Naturally, a great many of these movies have tended to revolve around the major studios, those massive, venerable old temples of the Hollywood mystique. Occasionally, however, a film is made about the moviemakers who exist on the fringes of the Hollywood system. Without access to the money and resources of the majors, these guerrilla filmmakers have elevated cutting corners to an art form unto itself. That's the sort of filmmaking that is celebrated in "Bowfinger," the new comedy from the pen of Steve Martin.
Although "Bowfinger" is a bit off the beaten track for a Hollywood self-portrait, it is by no means the first film to dramatize the world of low-budget cinema. For a sampling of how earlier filmmakers have portrayed their low rent colleagues, look for these titles on home video.
"365 Nights in Hollywood" (1934). Alice Faye stars as an ambitious youngster trying to make it in Hollywood. Her big break comes when the head of her acting school receives financing to make a low budget picture and gives her a leading role. The only problem is that the school is a fake and so is its headmaster. He structures the deal so that if the picture doesn't get made the money will go to him, then hires a has-been alcoholic director to make the film. The story of a producer actively sabotaging his own project at every turn will not be unfamiliar to anyone who has worked in the movie industry.
"Targets" (1968). Writer-director Peter Bogdanovich, who was, at the time, a young, low budget filmmaker, needed someone to play a young, low budget filmmaker. Not unreasonably, he played the part himself. As director Sammy Michaels, Bogdanovich tries to persuade aging horror film star Byron Orlok (Boris Karloff, also essentially playing himself) to make one last horror picture with him. Orlok demurs, saying that the newspapers are full of actual horrors that far surpass anything he portrayed on the screen. While making a personal appearance at a drive-in in connection with one of his films, Orlok confronts one of those real-life horrors in the person of a crazed gunman on a killing spree.
"Hearts of the West" (1975). In the early studio days of Hollywood, the major studios ruled the roost with their elaborate, expansive backlots. The smaller studios, the ones who made B-pictures, mostly occupied tiny, run-down buildings along Gower Street near Sunset Boulevard. This area came to be known as "Poverty Row," or, because so many of the studios made B-Westerns, "Gower Gulch." "Hearts of the West" lovingly recreates the "Gower Gulch" days by following the misadventures of an aspiring Western pulp fiction writer named Lewis Tater (Jeff Bridges). When he is helped out of a jam by a company shooting Westerns on a shoestring, Lewis takes a job with them as a stuntman and extra.

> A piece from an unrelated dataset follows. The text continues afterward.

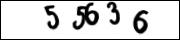 captcha2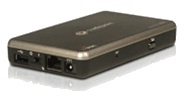 Устройства серии 3G Extend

"Hollywood Boulevard" (1976). Like Bogdanovich and dozens of other talented filmmakers, director Joe Dante began his career working for Roger Corman, Hollywood's "King of the B's." In "Hollywood Boulevard," Dante and co-director Allan Arkush parody the Corman style in a comedy made for Corman himself. Make no mistake, this is definitely an example of the very type of schlock film being spoofed. Still, for fans of that sort of material this affectionate take-off offers lots of clever references and in-jokes.
You can't currently obtain a new copy of "Hollywood Boulevard," as the video release has been put on hiatus, but the corner video store may well have a copy for rent. If not, look for "Hollywood Boulevard II" (1989). Not so much a sequel as a loose remake, it wasn't directed by Dante, who has since moved on to more lucrative and respectable assignments. Even so, it still retains the same sense of fun, as well as the same basic affection for low budget filmmaking.
And why not? As disreputable and fly-by-night as it is, shoestring filmmaking is where they all started out. No one is going to trust a green, untested kid with a multimillion dollar epic until he's cut his teeth on a few cheesy, no-budget exploitation flicks. Not in real life anyway. Everyone knows that sort of thing only happens in the movies.